Rob is an avid traveller and self-professed 'man of the world'. He is passionate about his home city, Manchester, & travelling the world.

Scorpion on a stick at Donghuamen Night Market

Skewered scorpions in Beijing

Skewered scorpions in Beijing

It’s one of the most recognised stereotypes in the world: they eat everything in China. Although the menus of most Chinese restaurants in western countries are reasonably tame and predictable – read chow main; foo yung; satay; black bean sauce with meat; prawn crackers etc. – a visit to some restaurants in China and a walk around the local street food markets will make you understand that this common stereotype does indeed have some legs (and that includes frogs legs!).

A visit to the Donghuamen Night Market at Wangfujing Street in Central Beijing will give the visitor a first hand introduction to eating snake on a stick, eating scorpion on a stick, and even eating a tarantula on a stick.

Chinese Delicacies Poll

Eat Scorpion, Eat Tarantula, Eat Donghuamen Night Market

It’s no surprise then that in the industrious, enterprising China of today there is a market, catered directly towards the tourist dollar, which serves up the most grotesque and scream-provoking creepy crawlies and animal body parts the likes of which most of us would never normally consider eating. Of course it's a tourist trap but at the Donghuamen Beijing Night Market it's all about eating bugs, eating insects and generally eating weird things - and getting that Instagram shot or posing for photo to post of Facebook.

When you visit the Donghuamen Night Market on you kind of feel like you have to at least try eating bugs. The produce on offer on are all referred to as Chinese delicacies. Curiosity has brought you this far so you know you have to follow it through to its logical conclusion: try something.

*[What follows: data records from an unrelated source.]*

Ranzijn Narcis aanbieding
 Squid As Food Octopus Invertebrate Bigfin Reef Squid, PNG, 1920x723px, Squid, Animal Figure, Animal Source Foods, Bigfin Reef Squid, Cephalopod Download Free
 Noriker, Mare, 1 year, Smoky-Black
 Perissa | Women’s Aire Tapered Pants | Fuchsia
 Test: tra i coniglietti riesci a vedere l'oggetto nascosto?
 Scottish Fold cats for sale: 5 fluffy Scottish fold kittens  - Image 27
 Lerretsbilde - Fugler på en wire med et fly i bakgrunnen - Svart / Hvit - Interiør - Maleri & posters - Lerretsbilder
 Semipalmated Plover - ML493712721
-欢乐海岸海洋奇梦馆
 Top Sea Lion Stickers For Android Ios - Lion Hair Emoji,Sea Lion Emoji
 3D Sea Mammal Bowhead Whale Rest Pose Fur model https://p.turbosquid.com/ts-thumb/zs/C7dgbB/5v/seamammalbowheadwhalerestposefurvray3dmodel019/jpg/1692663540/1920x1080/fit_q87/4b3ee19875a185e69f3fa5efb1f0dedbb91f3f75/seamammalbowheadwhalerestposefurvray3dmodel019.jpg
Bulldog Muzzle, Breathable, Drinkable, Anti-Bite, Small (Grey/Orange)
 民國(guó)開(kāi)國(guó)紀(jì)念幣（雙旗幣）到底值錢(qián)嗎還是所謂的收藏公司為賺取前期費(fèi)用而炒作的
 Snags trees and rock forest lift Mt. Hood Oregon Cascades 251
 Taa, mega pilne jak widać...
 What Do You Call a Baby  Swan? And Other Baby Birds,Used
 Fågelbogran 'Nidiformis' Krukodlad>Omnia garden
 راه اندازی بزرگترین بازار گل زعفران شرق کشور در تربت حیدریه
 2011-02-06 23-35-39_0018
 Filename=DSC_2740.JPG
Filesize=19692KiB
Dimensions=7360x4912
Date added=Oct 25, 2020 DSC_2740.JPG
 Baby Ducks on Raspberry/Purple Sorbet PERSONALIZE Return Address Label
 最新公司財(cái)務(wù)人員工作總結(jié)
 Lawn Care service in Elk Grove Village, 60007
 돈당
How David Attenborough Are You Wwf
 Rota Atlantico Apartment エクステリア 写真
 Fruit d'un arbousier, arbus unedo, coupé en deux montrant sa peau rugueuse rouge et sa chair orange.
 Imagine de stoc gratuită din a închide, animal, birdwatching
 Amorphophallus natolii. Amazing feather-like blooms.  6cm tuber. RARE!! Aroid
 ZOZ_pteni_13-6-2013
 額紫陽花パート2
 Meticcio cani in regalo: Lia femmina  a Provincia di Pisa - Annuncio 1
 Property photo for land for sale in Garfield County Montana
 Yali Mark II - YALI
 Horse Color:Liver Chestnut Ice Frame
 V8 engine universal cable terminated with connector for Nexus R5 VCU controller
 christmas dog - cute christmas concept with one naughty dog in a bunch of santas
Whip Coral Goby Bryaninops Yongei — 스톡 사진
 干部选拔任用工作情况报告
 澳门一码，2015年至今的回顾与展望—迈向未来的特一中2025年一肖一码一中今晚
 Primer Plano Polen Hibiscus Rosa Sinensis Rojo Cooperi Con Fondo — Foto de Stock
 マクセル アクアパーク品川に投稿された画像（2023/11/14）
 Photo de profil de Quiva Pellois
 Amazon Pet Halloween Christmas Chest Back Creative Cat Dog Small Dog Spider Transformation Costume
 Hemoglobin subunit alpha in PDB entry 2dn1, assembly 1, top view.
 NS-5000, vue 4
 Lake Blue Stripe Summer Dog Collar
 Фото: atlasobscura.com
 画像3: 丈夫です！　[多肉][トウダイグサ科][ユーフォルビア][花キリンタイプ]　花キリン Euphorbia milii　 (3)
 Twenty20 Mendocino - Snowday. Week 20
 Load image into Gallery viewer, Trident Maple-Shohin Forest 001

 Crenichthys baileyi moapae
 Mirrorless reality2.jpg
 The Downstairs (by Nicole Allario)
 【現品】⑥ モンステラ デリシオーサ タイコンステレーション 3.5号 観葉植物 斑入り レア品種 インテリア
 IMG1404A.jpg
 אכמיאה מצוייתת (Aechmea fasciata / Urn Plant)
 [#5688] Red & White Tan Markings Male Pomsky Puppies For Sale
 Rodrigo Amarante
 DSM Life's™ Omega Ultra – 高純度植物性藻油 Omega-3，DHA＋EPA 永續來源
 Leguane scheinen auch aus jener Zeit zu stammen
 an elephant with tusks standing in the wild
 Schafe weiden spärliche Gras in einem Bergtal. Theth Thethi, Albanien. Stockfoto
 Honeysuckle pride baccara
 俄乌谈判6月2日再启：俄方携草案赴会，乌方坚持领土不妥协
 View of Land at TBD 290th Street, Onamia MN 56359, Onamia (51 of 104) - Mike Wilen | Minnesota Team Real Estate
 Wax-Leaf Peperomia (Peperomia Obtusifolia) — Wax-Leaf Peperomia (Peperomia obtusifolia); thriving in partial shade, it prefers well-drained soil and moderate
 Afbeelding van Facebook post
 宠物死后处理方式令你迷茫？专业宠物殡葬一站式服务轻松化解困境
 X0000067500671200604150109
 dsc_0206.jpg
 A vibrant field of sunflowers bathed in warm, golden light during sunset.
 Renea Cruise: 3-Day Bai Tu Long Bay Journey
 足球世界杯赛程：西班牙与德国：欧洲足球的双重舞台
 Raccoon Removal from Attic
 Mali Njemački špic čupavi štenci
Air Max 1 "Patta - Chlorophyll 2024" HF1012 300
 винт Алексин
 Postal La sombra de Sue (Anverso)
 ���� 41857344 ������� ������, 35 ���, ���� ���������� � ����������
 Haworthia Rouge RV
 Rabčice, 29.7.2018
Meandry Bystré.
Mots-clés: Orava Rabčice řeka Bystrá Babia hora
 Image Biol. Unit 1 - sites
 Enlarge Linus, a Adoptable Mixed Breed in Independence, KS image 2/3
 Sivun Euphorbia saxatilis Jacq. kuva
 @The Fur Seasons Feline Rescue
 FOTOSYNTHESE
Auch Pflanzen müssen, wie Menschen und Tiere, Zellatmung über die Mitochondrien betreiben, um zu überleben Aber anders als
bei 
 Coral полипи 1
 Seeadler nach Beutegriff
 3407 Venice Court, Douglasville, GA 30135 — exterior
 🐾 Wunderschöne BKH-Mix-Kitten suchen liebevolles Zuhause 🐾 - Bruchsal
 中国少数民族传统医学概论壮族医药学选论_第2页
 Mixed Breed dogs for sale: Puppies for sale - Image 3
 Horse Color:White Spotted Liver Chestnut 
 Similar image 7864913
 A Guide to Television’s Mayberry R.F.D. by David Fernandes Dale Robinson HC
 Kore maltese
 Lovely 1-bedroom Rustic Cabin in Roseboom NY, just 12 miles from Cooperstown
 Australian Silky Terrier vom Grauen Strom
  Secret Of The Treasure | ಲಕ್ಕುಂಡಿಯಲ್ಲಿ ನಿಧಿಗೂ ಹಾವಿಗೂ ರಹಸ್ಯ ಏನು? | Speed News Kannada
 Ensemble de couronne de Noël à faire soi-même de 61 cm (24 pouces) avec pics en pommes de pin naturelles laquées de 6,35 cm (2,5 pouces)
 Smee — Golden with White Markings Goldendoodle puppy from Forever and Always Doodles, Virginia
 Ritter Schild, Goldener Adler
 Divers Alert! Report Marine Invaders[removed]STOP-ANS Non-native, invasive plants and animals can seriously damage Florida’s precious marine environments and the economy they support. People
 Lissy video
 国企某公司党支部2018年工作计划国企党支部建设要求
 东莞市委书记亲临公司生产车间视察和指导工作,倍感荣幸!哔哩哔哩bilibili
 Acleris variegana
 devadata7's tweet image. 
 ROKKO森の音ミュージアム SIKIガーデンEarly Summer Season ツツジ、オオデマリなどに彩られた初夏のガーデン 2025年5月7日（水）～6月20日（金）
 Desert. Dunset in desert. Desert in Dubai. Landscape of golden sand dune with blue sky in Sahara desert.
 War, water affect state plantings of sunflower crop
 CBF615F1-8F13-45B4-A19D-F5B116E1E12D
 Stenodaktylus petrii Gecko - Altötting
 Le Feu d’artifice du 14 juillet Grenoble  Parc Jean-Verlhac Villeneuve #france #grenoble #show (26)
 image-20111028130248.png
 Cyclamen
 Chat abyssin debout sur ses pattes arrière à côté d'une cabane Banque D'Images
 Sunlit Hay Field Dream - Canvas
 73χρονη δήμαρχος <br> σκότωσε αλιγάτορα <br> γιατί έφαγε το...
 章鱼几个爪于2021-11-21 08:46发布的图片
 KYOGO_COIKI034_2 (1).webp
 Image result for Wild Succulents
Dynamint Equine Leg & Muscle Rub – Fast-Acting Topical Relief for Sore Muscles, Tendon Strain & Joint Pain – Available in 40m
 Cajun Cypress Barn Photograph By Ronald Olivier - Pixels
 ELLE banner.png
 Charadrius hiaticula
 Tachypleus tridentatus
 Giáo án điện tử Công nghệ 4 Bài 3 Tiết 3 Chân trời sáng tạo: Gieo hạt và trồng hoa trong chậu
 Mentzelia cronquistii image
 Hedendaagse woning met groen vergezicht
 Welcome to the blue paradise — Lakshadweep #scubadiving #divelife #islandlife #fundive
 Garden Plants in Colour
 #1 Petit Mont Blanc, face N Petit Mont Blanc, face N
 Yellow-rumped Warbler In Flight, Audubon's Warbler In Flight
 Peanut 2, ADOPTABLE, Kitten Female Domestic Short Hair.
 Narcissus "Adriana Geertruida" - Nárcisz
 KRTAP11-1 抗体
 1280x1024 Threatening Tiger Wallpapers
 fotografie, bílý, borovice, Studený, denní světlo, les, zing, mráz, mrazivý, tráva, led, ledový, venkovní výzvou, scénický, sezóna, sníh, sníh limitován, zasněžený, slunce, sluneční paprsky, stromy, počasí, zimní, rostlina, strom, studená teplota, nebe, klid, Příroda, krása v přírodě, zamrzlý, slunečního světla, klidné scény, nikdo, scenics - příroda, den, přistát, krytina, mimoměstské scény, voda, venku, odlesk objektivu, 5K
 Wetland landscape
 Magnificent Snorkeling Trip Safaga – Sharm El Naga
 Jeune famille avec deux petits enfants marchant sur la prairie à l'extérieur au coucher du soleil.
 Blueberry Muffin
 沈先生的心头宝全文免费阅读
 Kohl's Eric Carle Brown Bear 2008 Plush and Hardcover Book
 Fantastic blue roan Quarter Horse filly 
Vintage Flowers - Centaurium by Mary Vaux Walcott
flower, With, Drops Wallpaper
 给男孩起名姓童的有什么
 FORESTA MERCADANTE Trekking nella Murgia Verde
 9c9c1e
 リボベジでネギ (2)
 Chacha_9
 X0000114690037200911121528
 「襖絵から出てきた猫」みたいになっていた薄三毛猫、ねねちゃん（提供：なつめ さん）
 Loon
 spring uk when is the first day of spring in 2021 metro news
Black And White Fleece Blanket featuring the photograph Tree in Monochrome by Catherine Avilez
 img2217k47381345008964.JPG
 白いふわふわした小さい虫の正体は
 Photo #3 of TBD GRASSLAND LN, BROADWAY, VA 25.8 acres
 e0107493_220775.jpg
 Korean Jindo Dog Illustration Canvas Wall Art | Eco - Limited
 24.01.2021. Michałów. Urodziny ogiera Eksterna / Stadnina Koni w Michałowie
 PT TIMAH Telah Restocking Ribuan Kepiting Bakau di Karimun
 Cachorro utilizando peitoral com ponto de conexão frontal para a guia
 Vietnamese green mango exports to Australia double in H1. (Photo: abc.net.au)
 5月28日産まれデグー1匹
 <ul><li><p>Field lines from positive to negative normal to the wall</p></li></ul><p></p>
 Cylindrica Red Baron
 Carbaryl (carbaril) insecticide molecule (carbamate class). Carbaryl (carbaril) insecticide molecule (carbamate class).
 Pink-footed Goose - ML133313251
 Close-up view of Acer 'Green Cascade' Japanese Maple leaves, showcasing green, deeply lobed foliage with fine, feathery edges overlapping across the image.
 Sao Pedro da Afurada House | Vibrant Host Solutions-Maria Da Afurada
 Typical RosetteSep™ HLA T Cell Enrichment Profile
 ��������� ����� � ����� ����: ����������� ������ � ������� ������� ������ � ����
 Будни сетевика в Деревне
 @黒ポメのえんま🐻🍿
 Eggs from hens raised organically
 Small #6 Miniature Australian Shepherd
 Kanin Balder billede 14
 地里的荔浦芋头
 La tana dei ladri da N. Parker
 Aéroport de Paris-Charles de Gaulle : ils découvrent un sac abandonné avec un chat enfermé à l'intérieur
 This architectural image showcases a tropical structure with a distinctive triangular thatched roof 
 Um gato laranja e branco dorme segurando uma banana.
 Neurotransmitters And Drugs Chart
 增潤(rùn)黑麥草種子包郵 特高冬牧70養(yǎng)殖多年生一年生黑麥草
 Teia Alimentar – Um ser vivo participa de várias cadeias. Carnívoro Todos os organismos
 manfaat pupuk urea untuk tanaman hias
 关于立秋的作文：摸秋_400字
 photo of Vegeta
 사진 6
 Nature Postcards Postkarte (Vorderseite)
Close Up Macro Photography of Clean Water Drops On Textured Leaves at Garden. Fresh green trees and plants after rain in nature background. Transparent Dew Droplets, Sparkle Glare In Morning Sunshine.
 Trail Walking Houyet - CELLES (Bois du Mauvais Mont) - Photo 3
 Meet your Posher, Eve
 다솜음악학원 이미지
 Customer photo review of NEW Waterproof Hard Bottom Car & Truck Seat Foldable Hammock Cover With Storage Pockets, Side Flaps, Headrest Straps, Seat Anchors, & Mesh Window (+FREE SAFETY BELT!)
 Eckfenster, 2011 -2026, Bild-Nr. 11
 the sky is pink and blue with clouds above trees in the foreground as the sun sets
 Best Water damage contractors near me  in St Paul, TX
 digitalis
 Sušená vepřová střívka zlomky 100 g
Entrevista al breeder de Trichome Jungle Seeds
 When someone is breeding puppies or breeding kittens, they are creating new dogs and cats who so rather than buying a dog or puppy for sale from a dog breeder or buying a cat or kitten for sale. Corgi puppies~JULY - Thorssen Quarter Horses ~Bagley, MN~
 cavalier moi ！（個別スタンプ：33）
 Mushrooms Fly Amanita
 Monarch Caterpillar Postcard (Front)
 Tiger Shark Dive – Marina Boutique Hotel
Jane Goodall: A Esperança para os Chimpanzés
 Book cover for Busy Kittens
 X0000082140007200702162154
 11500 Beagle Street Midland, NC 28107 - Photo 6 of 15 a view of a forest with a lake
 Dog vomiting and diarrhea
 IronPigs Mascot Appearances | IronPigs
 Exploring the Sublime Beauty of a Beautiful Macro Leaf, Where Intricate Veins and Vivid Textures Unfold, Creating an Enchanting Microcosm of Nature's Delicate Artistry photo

You’ll walk along the length of Wangfujing Street, being asked if you want to eat a sheep’s penis; eat a tarantula on a stick; eat dog meat (in the most literal sense); eat crickets; eat snake; and eat many other equally unappetising 'chinese delicacies'. You’ll walk the length of the Beijing Night Market once; then you’ll walk the length of the Beijing Night Market again, all the while agonising over whether you should take the plunge and eat a grasshopper, eat a sheep's penis or some such other exotic delight.

Chinese Delicacies

Selection of 'Chinese delicacies'

Selection of 'Chinese delicacies'

Chicken Feet Snacks

A popular snack in China is jizhuayazhua (chicken and duck feet). These are almost always served with a spicy flavour often with added pepper or a barbecue glaze. Chicken feet snacks are sold in supermarkets in bags in just the same way potato chips are sold and consumed in the west.


Eating Scorpion in China

You’ll pause over whether to eat tarantula and give some serious thought to eating crickets and grasshoppers. You’ll decide against it but then feel like you've bowed to the pressure, even though the pressure is coming from no one but yourself. Eventually, you see a guy eating scorpion on a stick. You overhear people asking him what it tastes like. He says it tastes good and it’s really no big deal to eat scorpion. He's already eaten a tarantula! If it’s no big deal to him then it’s no big deal to you either. Let's eat scorpions!

Eating a Snake at Wangfujing Snack Street

Eating a snake

Eating a snake

Eating Scorpion

Eating Scorpions

Eating Scorpions

What does scorpion taste like?

I can’t really articulate the flavour. It just tasted fried. There’s a part of me that still thinks this is all an elaborate con and everything on offer is made of some synthetic substance and you're not really eating scorpion or eating a tarantula at all. I also tried eating a snake and this tasted strangely similar to eating a scorpion. But I think that’s just the oil that they fry them in.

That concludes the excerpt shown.